By Kylie MacLellan
LONDON (Reuters) -Britain's National Air Traffic Service (NATS) was hit by a technical problem for several hours on Monday, causing widespread disruption to flights in UK airspace that it said would continue for some time even though the issue was fixed.
The air traffic control agency earlier had to restrict the flow of aircraft when its automatic processing of flight plans malfunctioned, requiring them to be handled manually and causing flight delays and cancellations.
"It was fixed earlier on this afternoon. However, it will take some time for flights to return to normal, and we will continue to work with the airlines and the airports to recover the situation," NATS Operations Director Juliet Kennedy said in a video posted on its website.
"Our absolute priority is safety and we will be investigating very thoroughly what happened today."
British Transport Minister Mark Harper said he was working with NATS to help it manage affected flights and support passengers.
Irish air traffic control provider AirNav Ireland earlier said the issue, which struck during a public holiday in parts of Britain, was resulting in "significant delays for flights across Europe that are travelling to, from or through UK airspace".
A spokesperson for London Heathrow, the busiest hub in western Europe, said schedules would remain significantly disrupted for the rest of the day.
"We ask passengers to only travel to the airport if their flight is confirmed as still operating. Teams across Heathrow are working as hard as they can to minimise the knock-on impacts and assist those whose journeys have been affected," the spokesperson said.

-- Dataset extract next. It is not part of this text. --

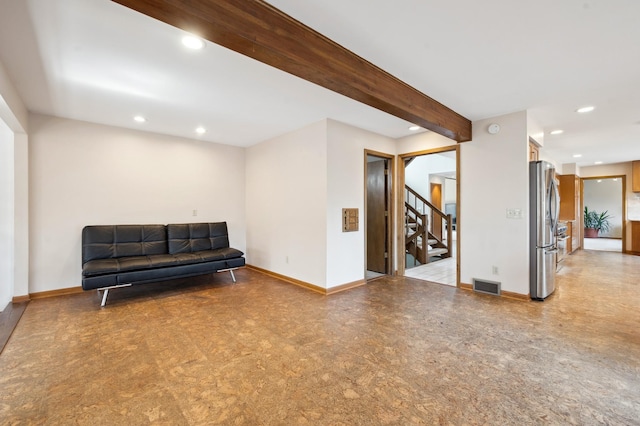 sitting room featuring visible vents, baseboards, recessed lighting, stairs, and beamed ceiling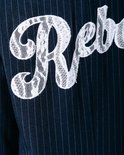 Detail van de witte kanten applicatie 'Rebels' op een donkerblauw pinstripe colbert.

British Airways said its flights were severely disrupted and it had made "significant changes" to its schedule, while other airlines, including Ryanair, said some flights to and from the UK would be delayed or cancelled.
Manchester Airport, London Stansted and London Gatwick were among the many UK airports that warned of delays and cancellations, while Dublin Airport said the problem affected some flights into and out of the Irish capital.
Many passengers earlier took to social media to say they were stuck on planes on the tarmac waiting to take off, or being held in airport buildings in Spain, Portugal, Greece, Israel and elsewhere on what is a traditionally busy travel day as the school holidays draw to a close.